These general terms and conditions are applicable to, and form an integral part of every offer, quotation and agreement relating to products or services to be supplied by Sentech B.V. (hereinafter referred to as: Sentech) of any nature whatsoever unless explicitly agreed otherwise in writing. For the purposes of these general conditions the “customer” means any (legal) person that Sentech asked or instructed to provide services as well as any (legal) person that orders and/or buys goods from or through Sentech. Any conditions applied by the customer are hereby explicitly rejected. Sentech is entitled to change its (general) conditions. These changes shall enter into effect four weeks after they are announced, or on a later date as stated by Sentech in the notification. If the customer does not accept a change, the customer concerned may dissolve the agreement in writing from the date that the new conditions enter into effect. Sentech must receive notification of the termination before the change enters into effect.

2. Quotations

All offers made by Sentech are free of obligation, unless the quotation stipulates a term for acceptance. An agreement first enters into effect by written (order) confirmation from Sentech or through actual execution by Sentech. Unless explicitly agreed otherwise, every offer is based on providing the performance quoted under normal circumstances and during normal working hours. The amounts quoted in offers by Sentech are based on the prices, exchange rates, wages and salaries, taxes and any other factors that are relevant for the price at the time of the offer. If a change takes place in one or more of the factors referred to after the order confirmation, Sentech reserves the right to modify the agreed price accordingly. If the price is increased by virtue of this provision pertaining to price increases of more than 10%, the customer reserves the right to dissolve the agreement in writing within eight days after the price increase. All specifications in the quotations or agreements and the enclosures thereto, such as pictures, drawings, measures, weights, yield and colours, only serve as an indication. Small deviations are therefore not for Sentech’s account and risk.

3. Prices

All prices are in euros and are exclusive of value added tax (VAT) and other levies that are imposed by the authorities. Possible extraordinary additional costs relating to the import and/or customs clearance of the goods to be delivered to the customer by Sentech are not included in the price and are therefore for the customer’s account unless explicitly agreed otherwise. The prices quoted in the quotations or agreements are subject to review, if it appears that a mistake was made in the calculations. Sentech reserves the right to charge the customer an administrative fee in the case of orders with an invoice value of EUR 350.00, excluding VAT or less. If and in so far as Sentech has agreed payment with a supplier in respect of the purchase by Sentech of (goods that form part of) goods to be supplied to the customer by Sentech in a foreign currency, Sentech reserves the right to adjust the agreed price in such a manner that it corresponds with the change in the exchange rate parity.

4. Payment

Payment should take place in accordance with the payment conditions stated on the invoice. If no payment conditions are quoted on the invoice, the customer shall pay within thirty days after the date on the invoice. Sentech at all times reserves the right to make cash on delivery shipments or to demand a full or partial advance payment, including if, in the opinion of Sentech, the customer is less solvent. If the customer fails to pay within the term set out in the previous provision, the customer shall be legally in default. The customer is then liable to pay interest at 2% per month. If no payment has been received by the end of the alternative payment term stated in a written reminder, the customer shall owe Sentech a fine equal to 10 % of the principal sum excluding VAT, which the customer owes Sentech, irrespective of whether or not Sentech had to incur any extrajudicial debt collection costs. Without prejudice to Sentech’s rights arising from the previous provision, the customer is obliged to reimburse Sentech all extra-judicial costs which Sentech has to incur to collect the amount it is owed by the customer and which costs can be regarded as a financial loss for Sentech. The application of Article 6:92 of the Netherlands Civil Code is excluded.

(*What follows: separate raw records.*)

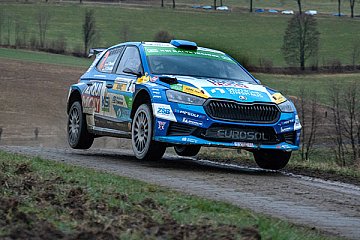 Julius Tannert fährt wie entfesselt und triumphiert erneut im Erzgebirge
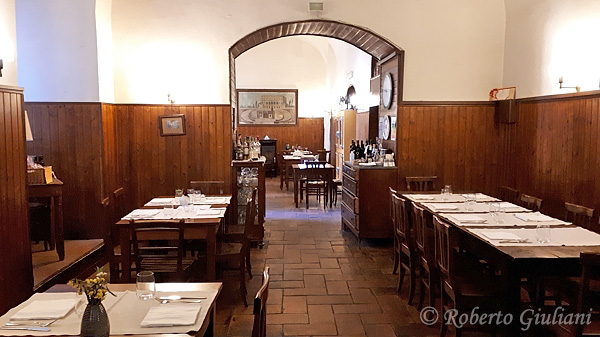 Trattoria del Cimino: la sala interna
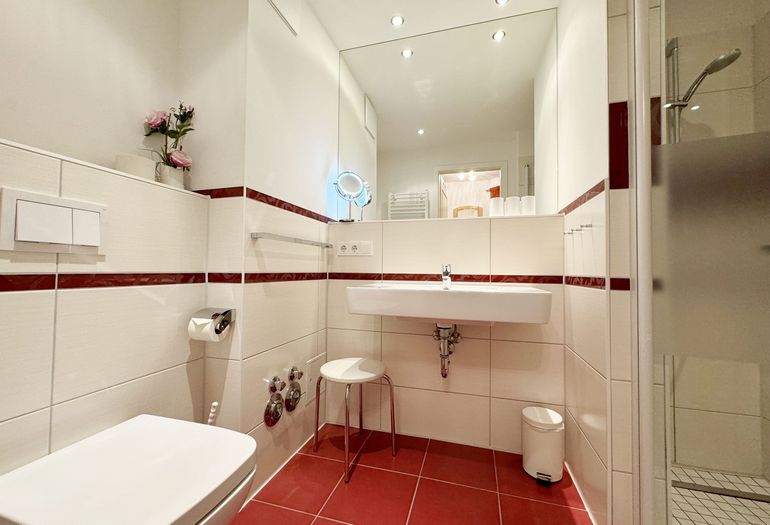 Badezimmer mit großzügigem Waschplatz Badezimmer mit großzügigem Waschplatz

5. Properties of the product supplied

The product supplied to the customer by Sentech should meet the technical requirements that the customer specified to Sentech beforehand. If and in so far as that product has not been developed by Sentech, but has been purchased by Sentech from a manufacturer, the customer shall be presented with (a copy of) the data sheet that Sentech obtained from the manufacturer for the product in question upon first request. It is possible for the properties of products of the same kind and/ or the same type supplied – or to be supplied by Sentech to deviate slightly from one another. Irrespective of whether or not the customer exercises the right referred to above with respect to obtaining the data sheet, Sentech cannot be held responsible for the small mutual deviations referred to as long as these products meet the criteria set out in the data sheet. Unless Sentech has explicitly informed the customer that the product supplied was developed by Sentech, the customer should assume that a data sheet shall be made available to him upon first request.

6. Delivery

The customer shall at all times lend Sentech his full co-operation and supply Sentech with data and information which is deemed essential or useful for the devel-opment or completion of the product the customer ordered from Sentech. The customer is responsible for the quality, accuracy and completeness of the data and information it supplies. The agreed delivery time commences as soon as Sentech is in possession of all data and information to be supplied by or on behalf of the customer and as soon as any agreed advance payments have been made to Sentech. Delivery takes place in accordance with the applicable Incoterms: Ex Works. Goods are deemed to have been delivered, as soon as Sentech informs the customer that the goods, which may or may not still need to be assembled ei-ther in part or in full, are ready for collection by the customer at Sentech or at a third party or are ready to be shipped by order of the customer. The goods sup-plied are for the customer’s risk from the moment of delivery. If it has been agreed between Sentech and the customer that a certain product is to be delivered within a specific term, the period in question, the time in question, or the term in question should be deemed to have been given by approximation and to have been laid down in the expectation that the circumstances under which and for which this work shall have to be carried out with respect to the time schedule shall not change after the agreement has been entered into. A mere overrun of the period of time referred to in the previous provision or the term referred to in that pro-vision does not put Sentech in default. In that case the customer shall enter into consultations with Sentech about avoiding further delays before possibly putting Sentech in default. Sentech at all times reserves the right to invoice products to be supplied or products that have been supplied per sub-delivery.

7. Complaints

Any complaints about the execution of the work or a product delivered by Sentech must be substantiated by the customer and communicated to Sentech in writing without delay. If eight days have passed since the execution of the work or delivery of the products, the customer will no longer be entitled to submit a complaint unless it would not have been possible to detect a defect through a careful and timely check at the time of delivery. In that case, the customer must substantiate the defect and bring it to the attention of Sentech in writing within ten days after the defect is known to the customer, or could have been known. This written notice should contain a detailed description of the imperfections or shortcomings in order to enable Sentech to respond in an adequate manner. Complaints relating to a particular shipment do not have any effect on earlier and/or subsequent shipments arising from the same agreement.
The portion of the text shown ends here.